EBITDA is a term used often in business sales, but unless you’ve sold a business before, you may not know what it means. Here we will take a closer look at the term, as it can be used as a key business valuation factor in determining your company’s market value when you are considering selling your business. There are some issues to address when using this profitability calculation. Here’s a closer look at EBITDA and how to apply it when valuing your business.
EBITDA is an acronym for Earnings Before Interest, Taxes, Depreciation and Amortization. It is one tool that can be useful in comparing the financial strength of two or more companies.
Normalized or adjusted EBITDA means adjusted to reflect the income or expenses that would not be there going forward under a new owner. Some examples: rental income from a vacation home that would be excluded from the sale, or the owner’s salary of $1M, when fair market value for the job might be $75,000.
Divided Opinion on EBITDA
Some believe that EBITDA is a less-than-perfect business valuation metric. Irrespective of those concerns, EBITDA is typically a dominant factor when buyers, sellers and M&A brokers set out to determine and negotiate business values in mergers and acquisitions.
Given that EBITDA’s usefulness in valuing a business is a subject of debate, why is it used so frequently? In calculating EBITDA, one must take a complicated issue with a myriad of moving parts required to plug in and ultimately be able to compare the value of businesses. Though the calculation can be complicated, the goal is to distill the inputs to an easy-to-understand formula. In turn, the formula is designed to generate a single number.
EBITDA Ignores Many Key Factors
A key concern in considering using EBITDA in a merger or business acquisition negotiation is that is often used as a sort of substitute for “true value.” A true value does not exist for any business. EBITDA gets around some of the determining factors of the attractiveness of a particular business acquisition. One must remember that profit, the owner/seller’s discretionary earnings, EBITDA and cash flow are never the same number. All of those have uses in determining a businesses market value.

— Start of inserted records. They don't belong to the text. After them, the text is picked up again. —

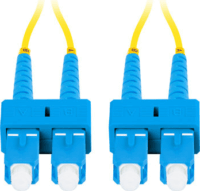 Lanberg FO-SUSU-SD11-0050-YE optikai patch kábel SC/UPC - SC/UPC Duplex 5m - Sárga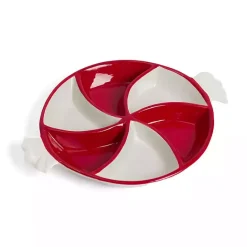 Kirklands Home Candy Cane Ceramic Serving Platter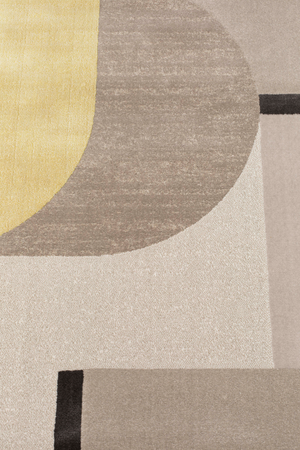 Gray And Yellow Carpet | Zuiver Hilton | OROA.com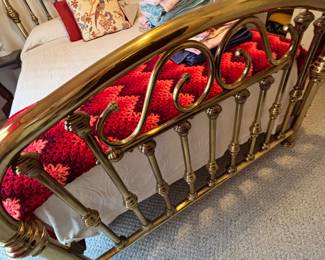Full Size Brass Bed
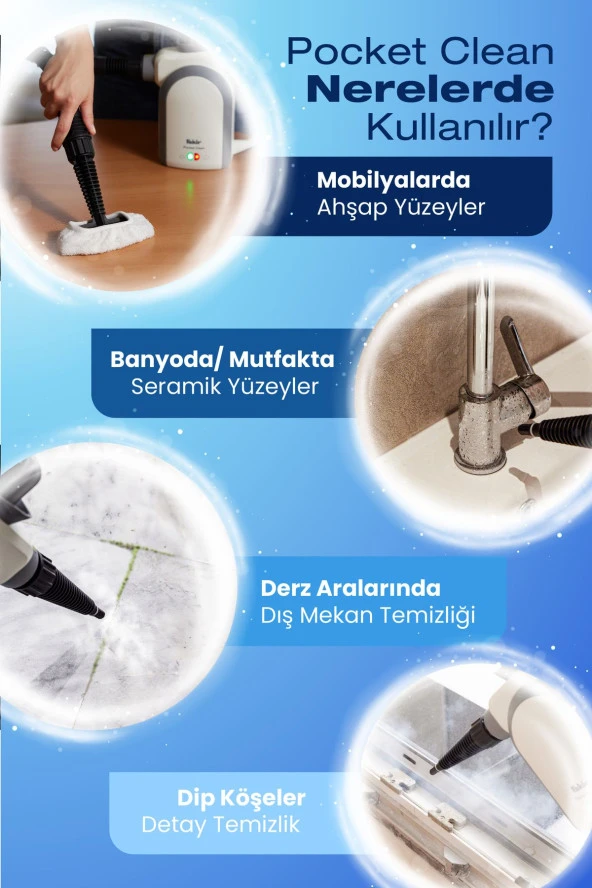 Fakir Pocket Clean Buharlı Temizleyici - 3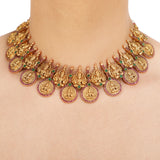 KONARK CLASSIC TEMPLE  COIN NECKLACE SET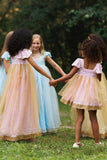 Maxi Princess: Aurora Pink, Ella Blue, or Belle Yellow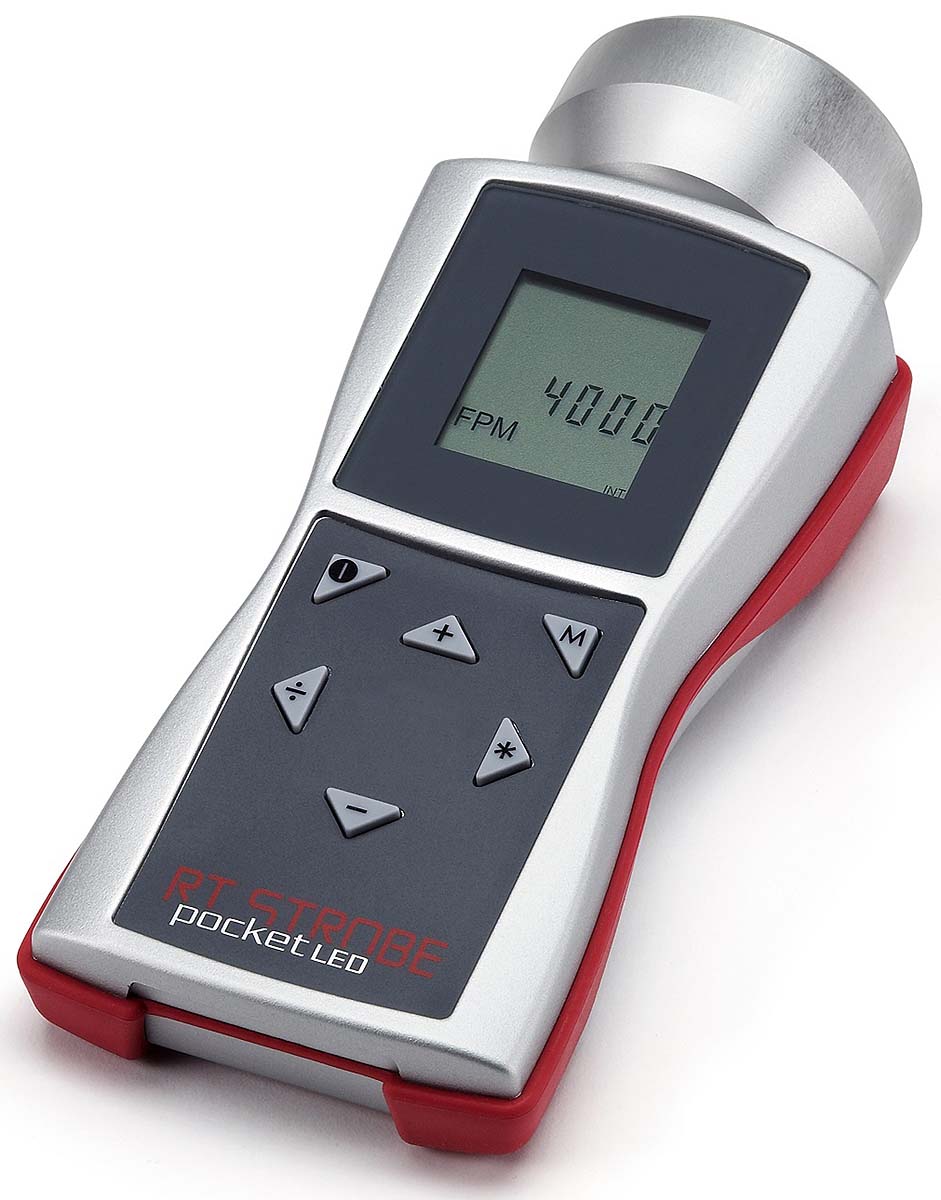 846-0750 RS PRO Handheld Stroboscope, 300000rpm Max, ±0.02 % Accuracy, RSCAL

By definition and custom, the use of EBITDA omits the seller’s interest, income taxes, and non-cash charges. It does so because these historic seller’s expense amounts will not be applicable to the buyer’s new firm. It also may not allow for necessary capital expenditures, whether to hold the status quo or to enable growth. While EBITDA establishes a factor commonly used in business valuation discussions, a buyer will need to prepare pro forma plans to envision new levels of interest, income taxes, and noncash charges that will be appropriate for the buyer, post-closing of the business sale transaction. In short, EBITDA is valuable as an accepted measure in valuing a business, but there are important factors to consider that are omitted by its very definition.
Achieving Optimal Results
In the end, EBITDA is one critical factor in the mergers and acquisitions or business sales marketplace. It is a helpful tool for assessing the market value and marketability of a business. It does not, however, account for factors that could influence the potential future growth and prosperity of a given business entity.

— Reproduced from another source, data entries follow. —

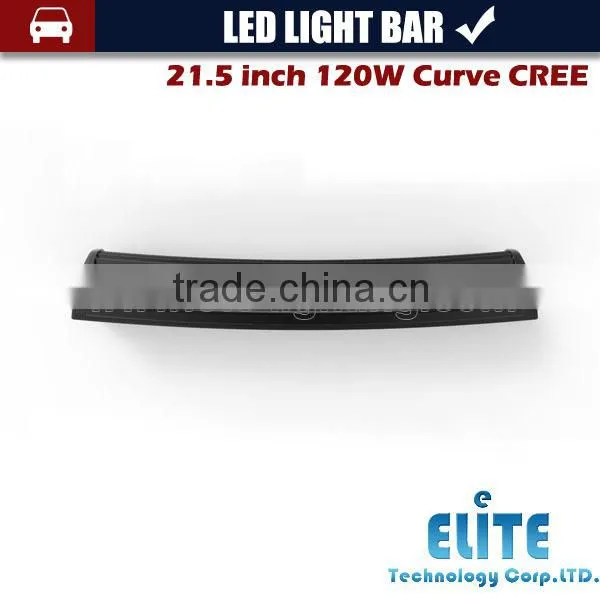 21.5 inch 120w double row led truck light bar curve LED Work Light Bar
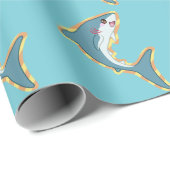 Niedliches Schellfisch Geschenkpapier (Rolleneckpunkt)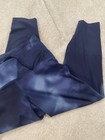 Under Armour Heat Gear Compression Blue Leggings Size Lg Women   s Athletic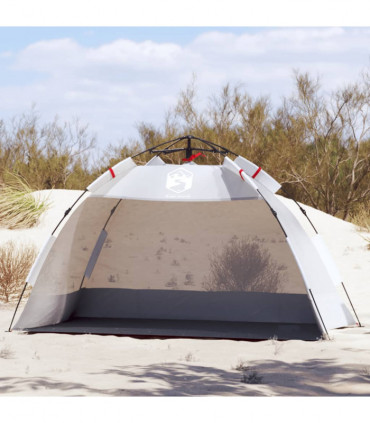 vidaXL Beach Tent 2-Person Grey Quick Release Waterproof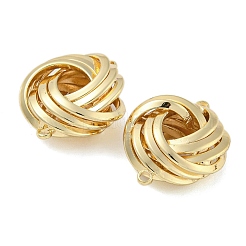 Knot Brass Connector Charms&nbsp;KK-N254-100G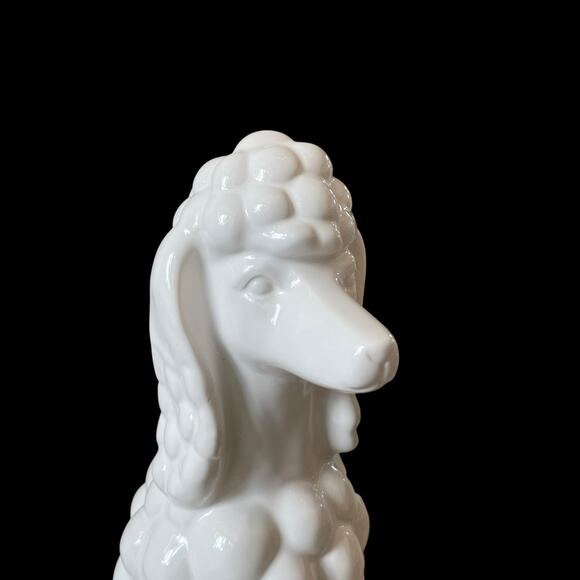 Fancy French Poodle Figurine Statue Large 17in White Ceramic Luxury Decor NEW - Picture 9 of 15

Professional M&A brokers, business investment bankers or others with a strong track record in selling businesses or acquisitions have a refined awareness of these factors; Mergers and acquisitions brokers are trained to fully understand the factors in business valuations to determine help analyze, set, and negotiate the sale of a business taking into account EBITDA and the myriad of other value drivers to help owners maximize the value of their business sale experience, all things considered.